**The problem:**
Where an image appears, leave it out; otherwise repeat the data exactly.

**Data:**
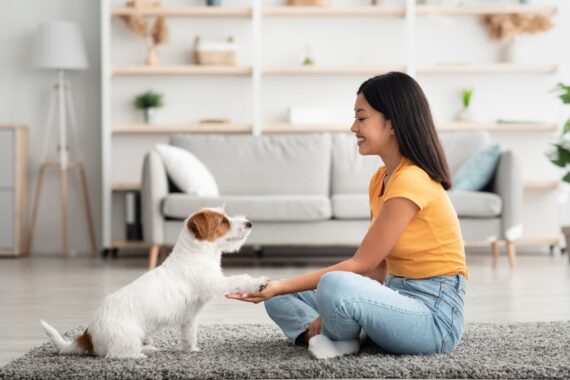 Adopting a Puppy: Tips for Raising Your First Dog
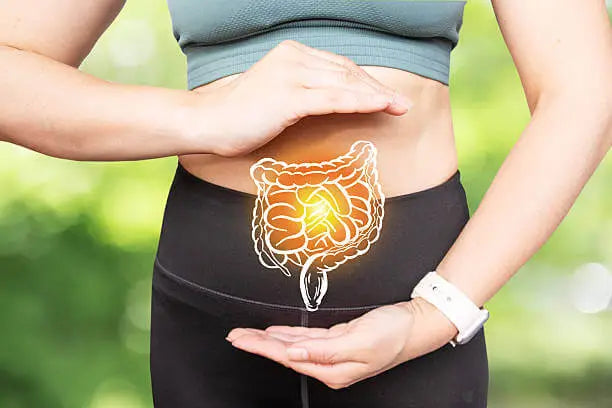 Gut Health Supplements for Better Digestion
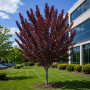 Слива розчепиріна Нігра (Prunus cerasifera Nigra) Pa-220 см, 14-16, С38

**Exercise output:**
 Adopting a Puppy: Tips for Raising Your First Dog
 Gut Health Supplements for Better Digestion
 Слива розчепиріна Нігра (Prunus cerasifera Nigra) Pa-220 см, 14-16, С38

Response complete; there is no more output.